UM has launch control and no-lift-shift for the manual TT RS that should make 1/4 mile blindingly fast and relatively brainless. Having seen it work on my friend's Golf R (Stage 2) who ran a 12.5s at Englishtown, I just wished UM made it for my 3.2 TT :beer:


----------



## primetime21 (Feb 14, 2013)

sentari said:


> Why don't some of the TT-RS folks post their 0-60 slips/times.....1/4 mile times too... All this talk and so little actual performance stats...


I already have... I don't just talk I actually race my toys...


http://forums.vwvortex.com/showthread.php?6061864-First-passes-in-TTRS...


----------



## primetime21 (Feb 14, 2013)

JohnLZ7W said:


> A stock DSG is running about the same times as a stage 2 manual car. They can rip off 3.6s to 60 all day long and running to 100 in just around 10s flat.


Ok... Please point me to a slip from a certified dragstrip showing a 60ft time... Thanks!


----------



## JohnLZ7W (Nov 23, 2003)

No 60' times but 3.6 is what was reported pretty much universally across the reviews when it was tested


----------



## primetime21 (Feb 14, 2013)

JohnLZ7W said:


> No 60' times but 3.6 is what was reported pretty much universally across the reviews when it was tested


Not rying to argue but I prefer real data not tuner data or magazines, they just have too much stake in the game... Also, pbox data especially the display is not very reliable and slope needs to be considered... Is stronic faster?
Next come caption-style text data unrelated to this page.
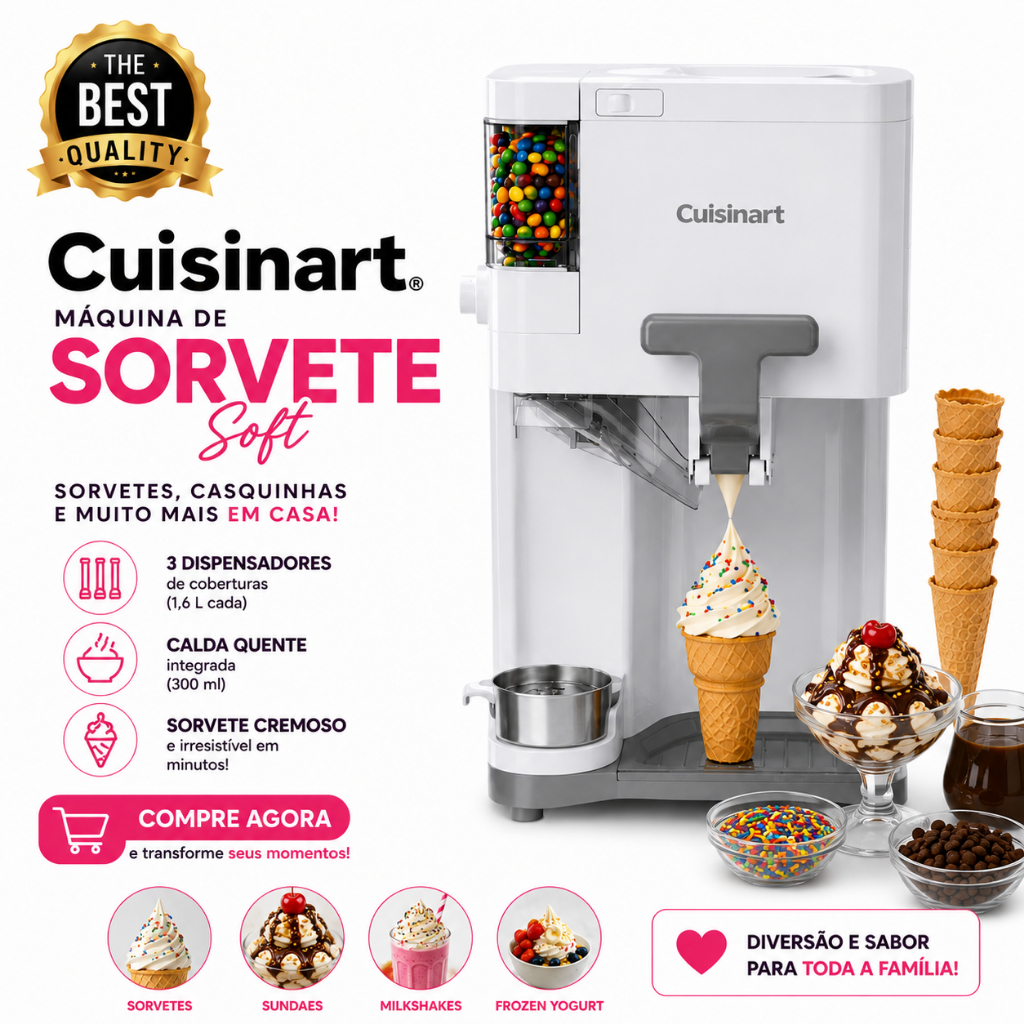 Original Máquina de Sorvete Soft Cuisinart ICE-48, 1,5 Litros Sorveteira Elétrica 127V | Delicías!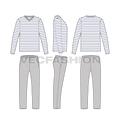 Mens loungewear set, nautical stripe flat sketch, showing all views, front, side and back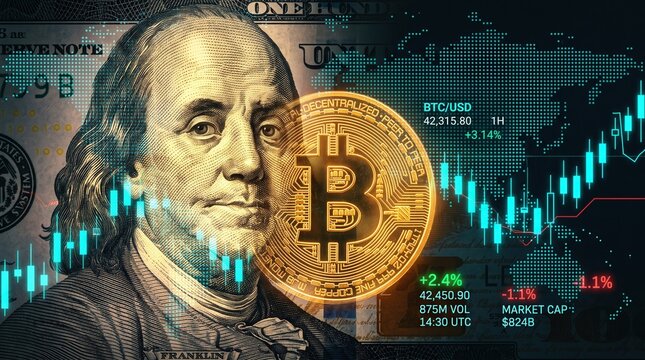 Bitcoin Gold Coin and Benjamin Franklin 100 Dollar Bill with Digital Trading Candlestick Charts for Cryptocurrency Market Analysis and Fintech Investment News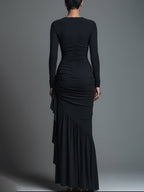 Black Jersey Knit Ruched Maxi Dress for Women - Elegant Evening Wear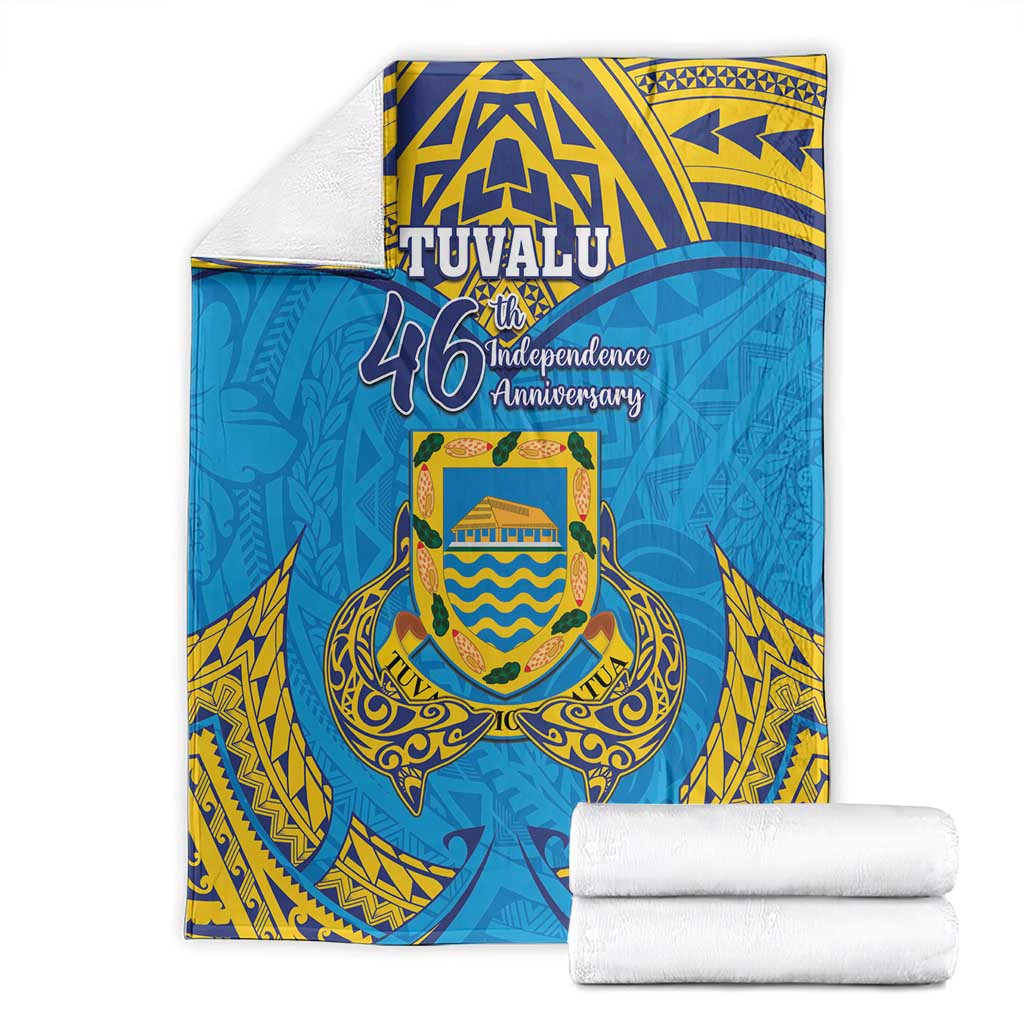 Tuvalu Independence Day Blanket Coat Of Arms With Polynesian Dolphin Tattoo LT05 - Polynesian Pride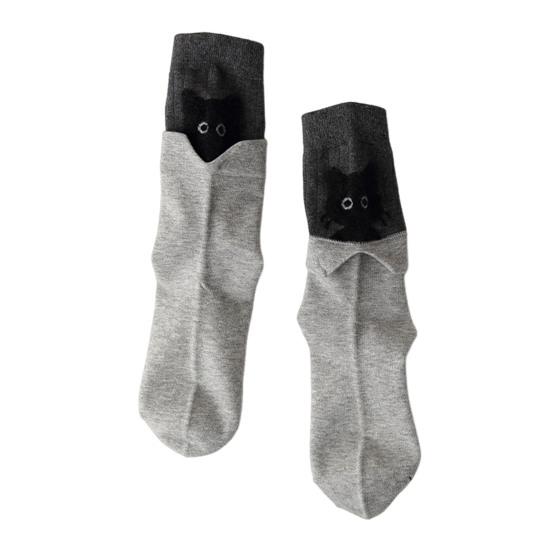 1 Pair Cartoon Cat Socks Autumn Winter Moisture Wicking Knitted Mid-calf Stretch Men Women Kitten Socks Sports Casual Cotton Crew Socks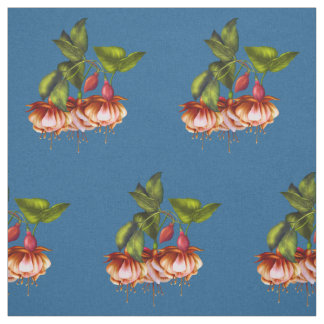 Tissu Fuchsias et colibri tropicaux peints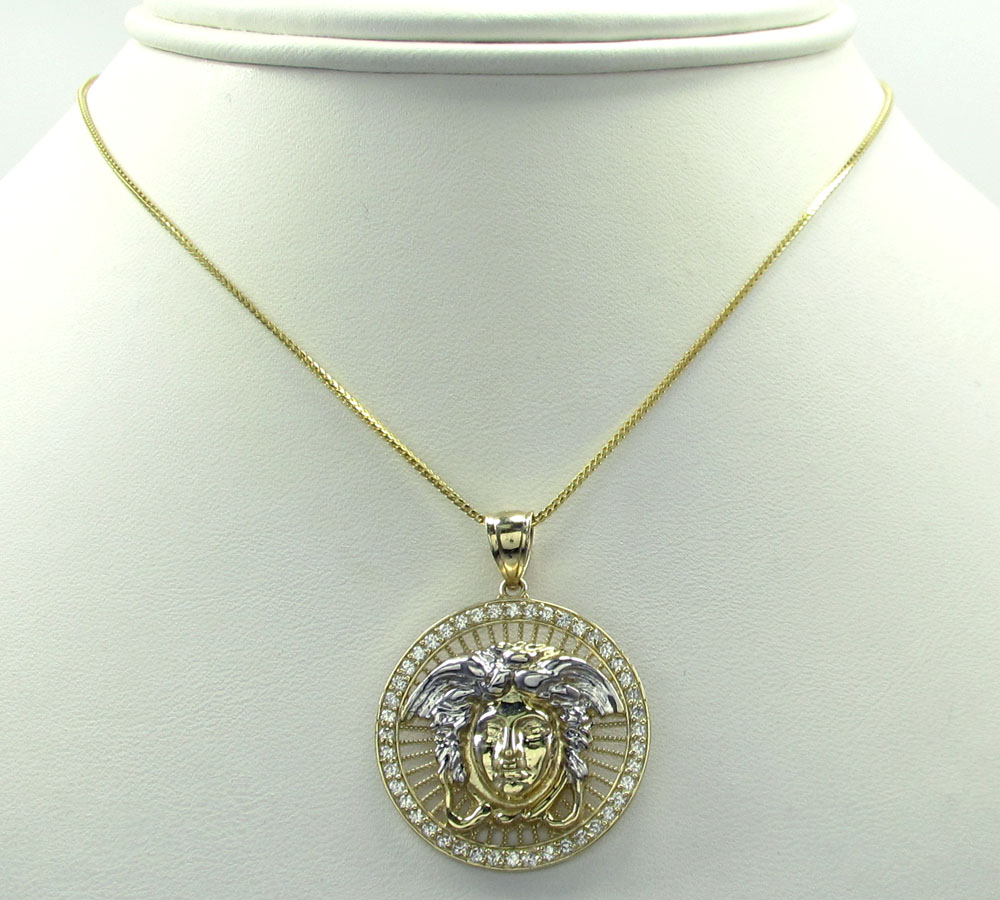 10k yellow gold small halo medusa head cz pendant - Image 7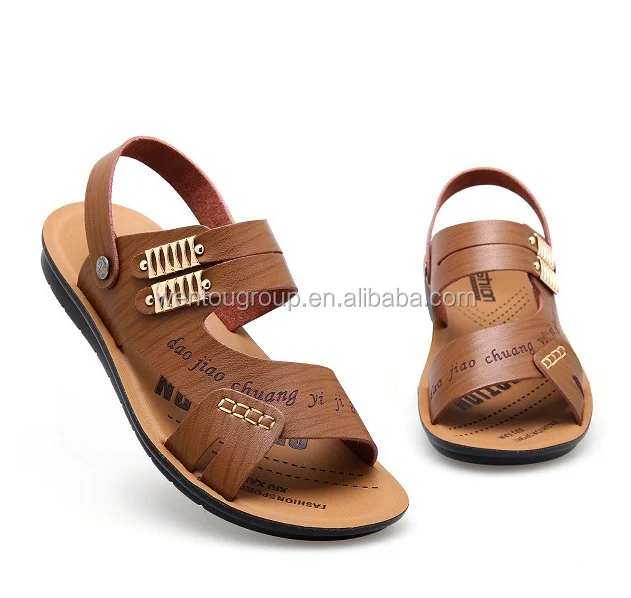 Handmade Vintage Brown Leather Mens Sandals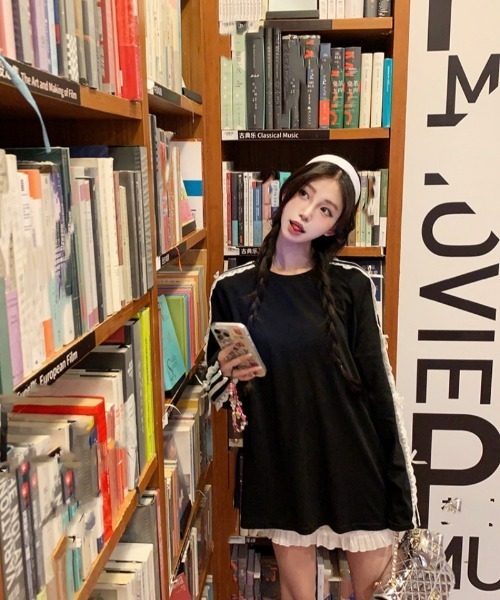 おしゃれスタ(オシャレスタ)の「レースストライプリボンTシャツ(Tシャツ/カットソー・レディース・ネイビー/ブラック・S/M/L/XL)」の16枚目の写真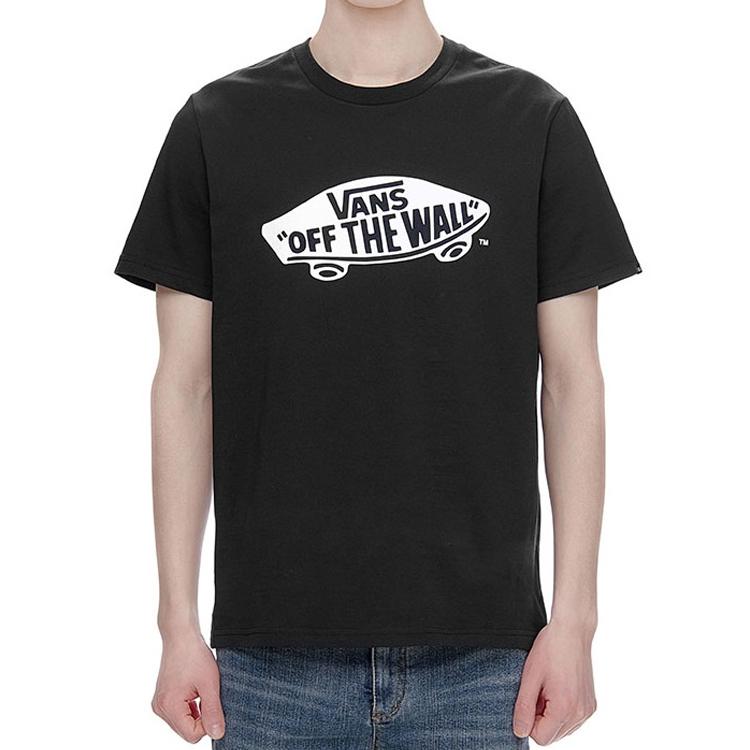 Vans Классическая футболка с коротким рукавом с принтом, топы унисекс, черная VN0A4MM7BLK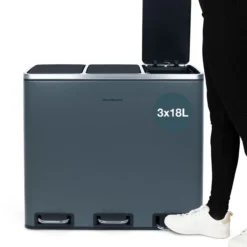 Mülleimer 3 Fächer 54L N°984 Dunkelgrau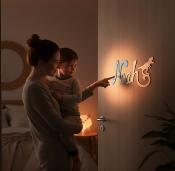 Plaque de Porte - motif Dino - Couleur Bleu/Ecru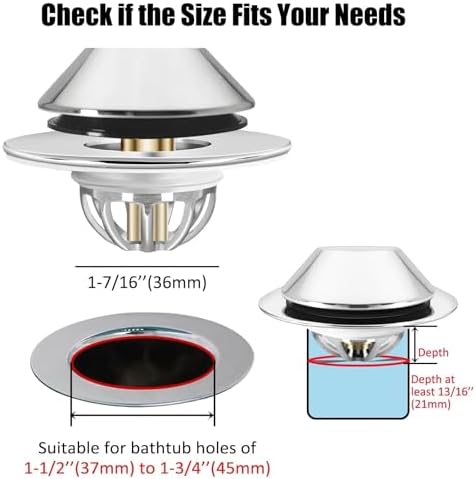 Bathtub Drain Stopper,Pop Up Tub Stopper Bottom with Drain Hair Catcher,Bathtub Plug and Cover with Strainer,Universal for 1.45 to 1.8in Drain Hole,Replaces Lift & Turn, Tip-Toe or Trip Lever - Image 4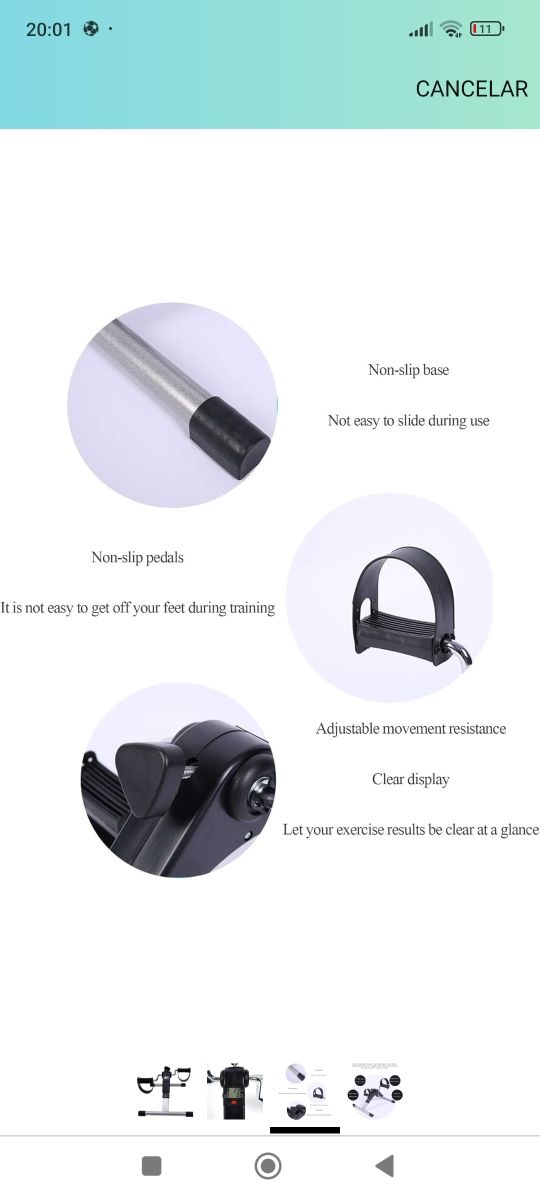 Pedaleador portátil plegable bici estatica nuevo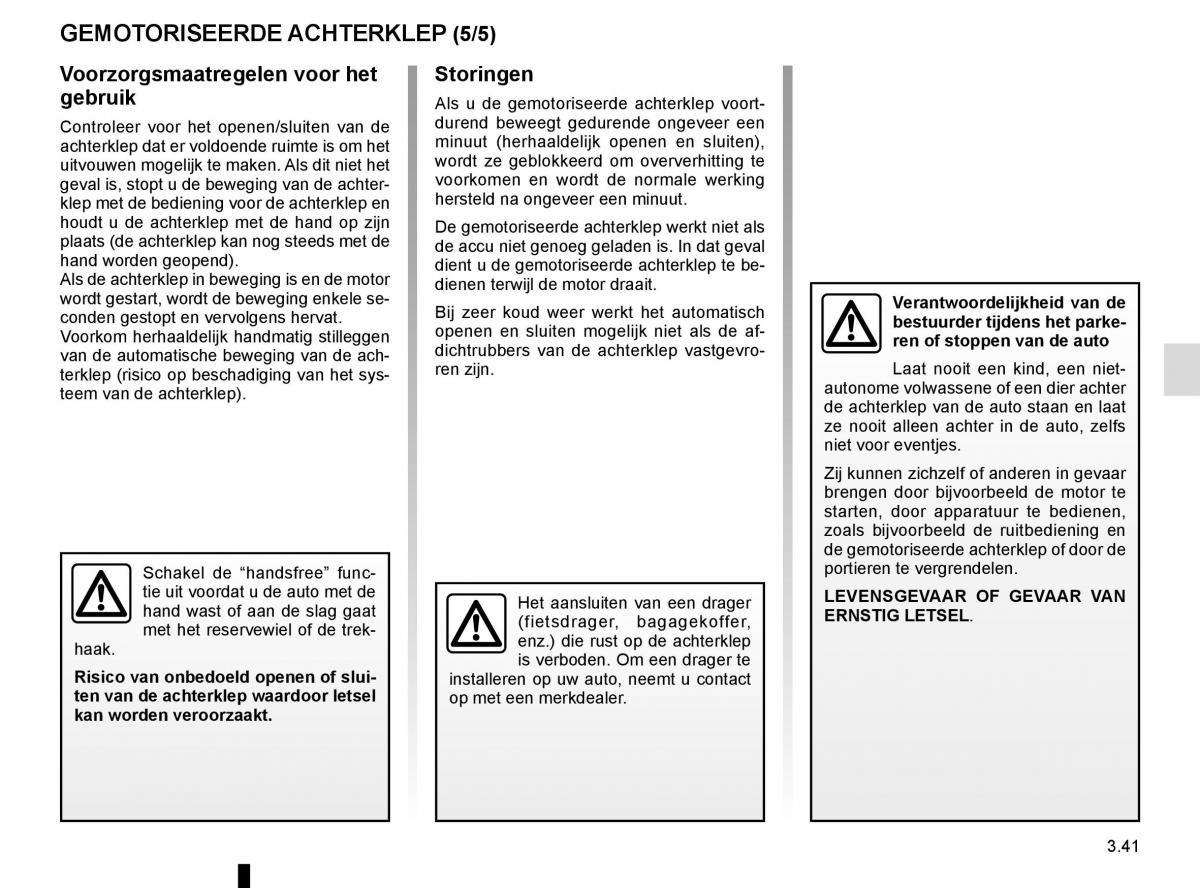 Renault Espace V 5 handleiding / page 229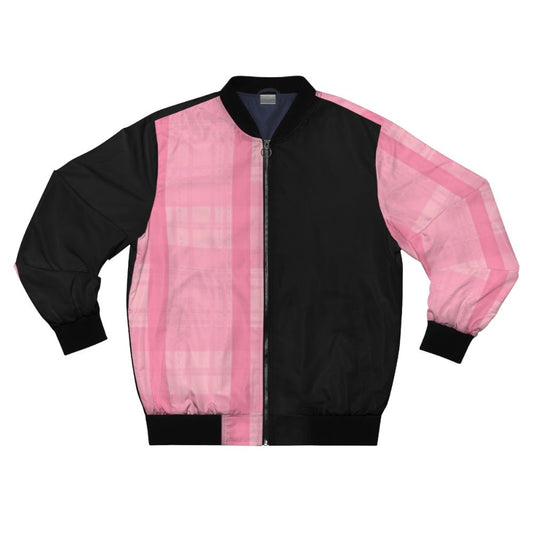 Fashionable pink and black plaid bomber jacket with stripes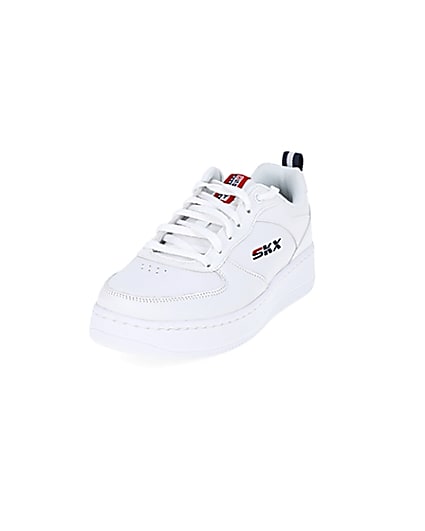 360 degree animation of product Skechers white Court trainers frame-23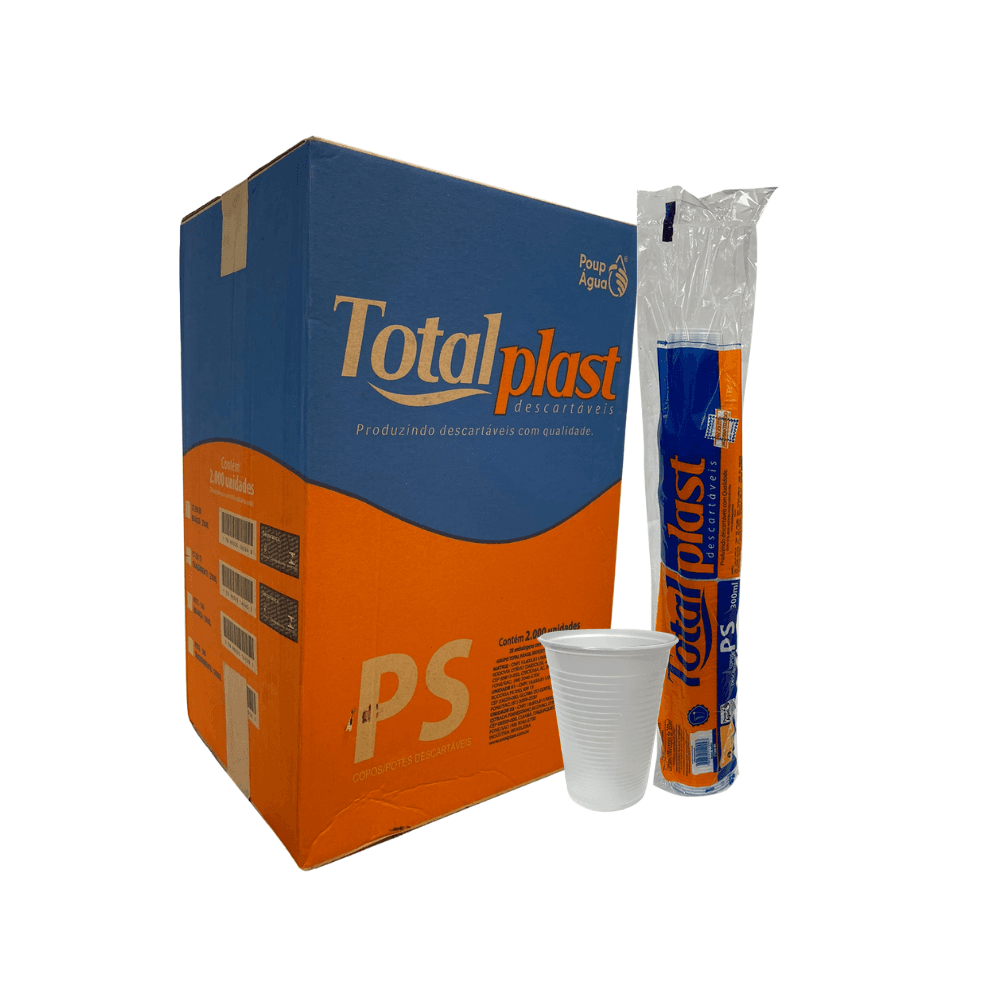 Copo 300ml Branco PS Totalplast 2.000 unidades. Categoria Descartáveis e Embalagens. Subcategoria Copos Descartáveis. Marca Totalplast. Quantidade 2000. Casa Limpa em São Paulo, Rua Apinajés 1484, Sumaré.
Probably and especially tuned but stock audi LC is weak... I've cut better 60ft times in my s4 than any audi or GIAC LC s4... 

Here are some fast dsg ttrs times with not so impressive 60 ft times IMO...

http://audisrs.com/archive/ttrs-s-tronic-mrc-410__o_t__t_27504.html


----------



## tdi-bart (Feb 10, 2011)

spray some wd40 on your tires for faster acceleration


----------